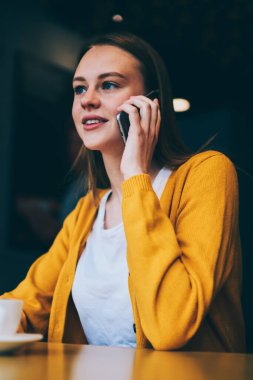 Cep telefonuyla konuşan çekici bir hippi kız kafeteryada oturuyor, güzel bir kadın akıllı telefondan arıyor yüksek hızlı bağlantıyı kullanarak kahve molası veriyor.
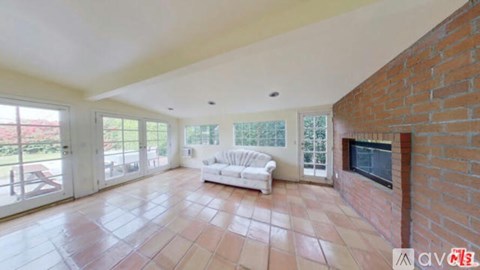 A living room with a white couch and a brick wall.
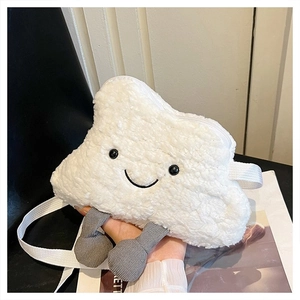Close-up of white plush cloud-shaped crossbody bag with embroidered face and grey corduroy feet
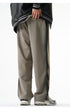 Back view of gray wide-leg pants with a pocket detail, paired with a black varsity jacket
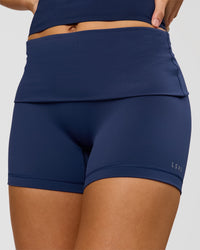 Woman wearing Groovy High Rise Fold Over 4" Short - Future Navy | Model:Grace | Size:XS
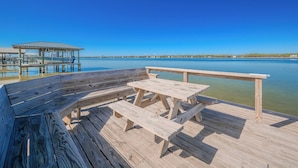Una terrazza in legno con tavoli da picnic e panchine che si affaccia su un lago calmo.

= = =

Every entry above, pictures excluded, needs to be duplicated exactly.

 Cep telefonuyla konuşan çekici bir hippi kız kafeteryada oturuyor, güzel bir kadın akıllı telefondan arıyor yüksek hızlı bağlantıyı kullanarak kahve molası veriyor.
 A living room with a white couch and a brick wall.
Close-up of white plush cloud-shaped crossbody bag with embroidered face and grey corduroy feet
 Back view of gray wide-leg pants with a pocket detail, paired with a black varsity jacket
 Woman wearing Groovy High Rise Fold Over 4" Short - Future Navy | Model:Grace | Size:XS
Una terrazza in legno con tavoli da picnic e panchine che si affaccia su un lago calmo.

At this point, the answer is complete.